This is the mail archive of the
gcc-patches@gcc.gnu.org
mailing list for the GCC project.
Re: [committed][PR tree-optimization/83410] Avoid some jump threads when parallelizing loops
- From: Richard Biener <richard dot guenther at gmail dot com>
- To: gcc-patches at gcc dot gnu dot org,Jeff Law <law at redhat dot com>,gcc-patches <gcc-patches at gcc dot gnu dot org>
- Date: Fri, 15 Dec 2017 18:00:40 +0100
- Subject: Re: [committed][PR tree-optimization/83410] Avoid some jump threads when parallelizing loops
- Authentication-results: sourceware.org; auth=none
- References: <c56e84d9-5e0a-5430-4d2f-0584c51e3012@redhat.com>
On December 15, 2017 5:19:14 PM GMT+01:00, Jeff Law <law@redhat.com> wrote:
>I hate this patch.
>
>The fundamental problem we have is that there are times when we very
>much want to thread jumps and yet there are other times when we do not.
>
>To date we have been able to largely select between those two by
>looking
>at the shape of the CFG and the jump thread to see how threading a
>particular jump would impact the shape of the CFG (particularly loops
>in
>the CFG).
>
>In this BZ we have a loop like this:
>
> 2
> |
> 3<-------+
> | |
> 4<---+ |
> / \ | |
> 5 6 | |
> \ / | |
> 7 | |
> / \ | |
> 8 11-+ |
> / \ |
> 9 10-------+
> |
> E
>
>We want to thread the path (6, 7) (7, 11). ie, there's a path through
>that inner loop where we don't need to do the loop test.

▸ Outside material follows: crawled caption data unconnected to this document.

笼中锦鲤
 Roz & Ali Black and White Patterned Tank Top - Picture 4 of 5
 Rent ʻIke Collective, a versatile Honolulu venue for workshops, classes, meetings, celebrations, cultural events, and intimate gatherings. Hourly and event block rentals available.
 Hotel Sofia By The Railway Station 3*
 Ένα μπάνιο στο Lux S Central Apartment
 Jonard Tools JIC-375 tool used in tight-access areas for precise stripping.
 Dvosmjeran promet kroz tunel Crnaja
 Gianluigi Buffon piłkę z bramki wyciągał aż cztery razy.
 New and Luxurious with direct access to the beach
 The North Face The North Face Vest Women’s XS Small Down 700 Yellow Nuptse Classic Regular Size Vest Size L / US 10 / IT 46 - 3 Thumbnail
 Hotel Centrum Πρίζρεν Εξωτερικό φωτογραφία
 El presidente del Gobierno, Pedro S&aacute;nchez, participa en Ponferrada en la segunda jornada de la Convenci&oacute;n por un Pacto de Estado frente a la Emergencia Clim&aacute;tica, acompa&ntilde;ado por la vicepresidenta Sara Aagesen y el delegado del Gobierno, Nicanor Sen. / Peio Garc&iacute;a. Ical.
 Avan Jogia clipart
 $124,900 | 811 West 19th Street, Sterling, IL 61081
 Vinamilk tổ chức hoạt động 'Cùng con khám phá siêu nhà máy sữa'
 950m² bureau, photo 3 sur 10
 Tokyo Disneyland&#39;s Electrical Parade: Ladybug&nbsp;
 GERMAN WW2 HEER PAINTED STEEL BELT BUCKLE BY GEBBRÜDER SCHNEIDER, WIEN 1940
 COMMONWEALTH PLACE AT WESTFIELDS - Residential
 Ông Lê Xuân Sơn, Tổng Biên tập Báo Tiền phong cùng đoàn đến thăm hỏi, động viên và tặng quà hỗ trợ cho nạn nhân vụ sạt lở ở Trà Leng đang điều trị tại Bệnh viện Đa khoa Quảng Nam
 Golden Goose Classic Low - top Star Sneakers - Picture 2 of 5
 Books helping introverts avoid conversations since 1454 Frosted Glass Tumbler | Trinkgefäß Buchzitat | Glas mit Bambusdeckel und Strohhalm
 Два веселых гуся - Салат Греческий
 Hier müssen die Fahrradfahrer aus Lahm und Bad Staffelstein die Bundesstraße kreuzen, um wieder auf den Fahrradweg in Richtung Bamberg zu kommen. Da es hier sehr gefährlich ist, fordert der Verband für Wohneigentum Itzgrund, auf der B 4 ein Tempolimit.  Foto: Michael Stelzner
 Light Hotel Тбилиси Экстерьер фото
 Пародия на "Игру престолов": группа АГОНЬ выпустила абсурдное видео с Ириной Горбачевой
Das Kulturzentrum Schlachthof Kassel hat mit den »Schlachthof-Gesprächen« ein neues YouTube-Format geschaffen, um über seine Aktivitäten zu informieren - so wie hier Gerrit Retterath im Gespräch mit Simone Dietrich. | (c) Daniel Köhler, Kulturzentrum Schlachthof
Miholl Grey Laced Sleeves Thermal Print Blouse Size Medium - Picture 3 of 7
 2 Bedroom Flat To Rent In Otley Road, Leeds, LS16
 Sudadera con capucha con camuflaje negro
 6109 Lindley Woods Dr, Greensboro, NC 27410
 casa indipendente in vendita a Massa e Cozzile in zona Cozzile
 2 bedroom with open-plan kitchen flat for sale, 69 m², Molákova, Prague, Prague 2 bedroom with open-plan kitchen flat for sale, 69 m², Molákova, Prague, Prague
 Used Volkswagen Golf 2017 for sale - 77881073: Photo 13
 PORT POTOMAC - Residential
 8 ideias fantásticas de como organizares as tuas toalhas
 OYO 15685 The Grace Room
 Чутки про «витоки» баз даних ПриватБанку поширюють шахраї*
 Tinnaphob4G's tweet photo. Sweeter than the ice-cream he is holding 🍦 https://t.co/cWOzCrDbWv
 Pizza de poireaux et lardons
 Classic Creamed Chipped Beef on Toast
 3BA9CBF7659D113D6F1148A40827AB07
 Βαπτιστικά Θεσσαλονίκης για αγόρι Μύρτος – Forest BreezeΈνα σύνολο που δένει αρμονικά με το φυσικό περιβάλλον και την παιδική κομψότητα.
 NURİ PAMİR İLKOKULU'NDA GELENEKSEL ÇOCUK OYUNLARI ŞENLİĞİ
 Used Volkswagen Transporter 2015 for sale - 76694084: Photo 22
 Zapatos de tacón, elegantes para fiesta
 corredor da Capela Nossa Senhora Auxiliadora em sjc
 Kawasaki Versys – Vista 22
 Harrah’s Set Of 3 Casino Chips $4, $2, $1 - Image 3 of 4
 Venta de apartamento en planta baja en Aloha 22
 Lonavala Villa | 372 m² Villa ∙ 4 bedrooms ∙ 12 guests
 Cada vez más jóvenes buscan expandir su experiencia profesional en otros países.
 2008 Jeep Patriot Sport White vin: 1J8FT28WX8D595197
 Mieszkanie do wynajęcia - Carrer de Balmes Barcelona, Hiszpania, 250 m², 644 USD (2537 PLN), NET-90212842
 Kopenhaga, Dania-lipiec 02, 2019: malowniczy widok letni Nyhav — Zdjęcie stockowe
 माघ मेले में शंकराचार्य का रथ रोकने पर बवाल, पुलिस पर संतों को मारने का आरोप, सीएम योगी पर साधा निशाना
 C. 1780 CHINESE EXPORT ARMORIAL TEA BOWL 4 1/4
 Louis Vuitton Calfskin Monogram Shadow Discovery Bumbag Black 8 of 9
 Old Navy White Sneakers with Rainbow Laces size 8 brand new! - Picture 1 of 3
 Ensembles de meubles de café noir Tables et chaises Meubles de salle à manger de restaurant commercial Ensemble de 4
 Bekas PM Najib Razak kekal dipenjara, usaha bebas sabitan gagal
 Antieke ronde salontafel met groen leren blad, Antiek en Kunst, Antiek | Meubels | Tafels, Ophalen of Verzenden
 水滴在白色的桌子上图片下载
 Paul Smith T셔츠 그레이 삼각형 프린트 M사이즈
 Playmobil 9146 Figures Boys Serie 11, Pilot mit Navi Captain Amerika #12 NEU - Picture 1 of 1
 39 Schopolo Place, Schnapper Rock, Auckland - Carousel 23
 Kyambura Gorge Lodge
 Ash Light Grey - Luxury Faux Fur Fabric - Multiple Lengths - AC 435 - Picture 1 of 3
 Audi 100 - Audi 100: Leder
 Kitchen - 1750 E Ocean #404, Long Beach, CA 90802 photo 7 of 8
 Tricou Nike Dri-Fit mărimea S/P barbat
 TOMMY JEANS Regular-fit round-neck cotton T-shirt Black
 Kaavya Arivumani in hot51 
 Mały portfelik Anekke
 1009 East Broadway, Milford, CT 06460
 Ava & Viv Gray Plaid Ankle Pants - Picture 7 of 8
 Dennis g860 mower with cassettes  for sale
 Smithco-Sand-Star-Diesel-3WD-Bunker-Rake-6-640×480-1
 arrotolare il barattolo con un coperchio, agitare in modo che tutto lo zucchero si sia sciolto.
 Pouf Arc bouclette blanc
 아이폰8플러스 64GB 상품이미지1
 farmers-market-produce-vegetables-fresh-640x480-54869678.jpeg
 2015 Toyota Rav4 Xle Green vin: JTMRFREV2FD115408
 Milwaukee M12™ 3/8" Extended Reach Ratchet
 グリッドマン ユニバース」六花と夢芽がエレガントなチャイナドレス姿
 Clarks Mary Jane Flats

Here's an
>example (from libgomp testsuite)
>
>(N is 1500)
>
> for (j = 0; j < N; j++)
> {
> if (j > 500)
> {
> x[i][j] = i + j + 3;
> y[j] = i*j + 10;
> }
> else
> x[i][j] = x[i][j]*3;
> }
>
>
>
>Threading (in effect) puts the loop test into both arms of the
>conditional, then removes it from the ELSE arm because the condition is
>always "keep looping" in that arm.
>
>This plays poorly with loop parallelization -- I tried to follow what's
>going on in there and just simply got lost. I got as far as seeing
>that
>the parallelization code thought there were loop carried dependencies.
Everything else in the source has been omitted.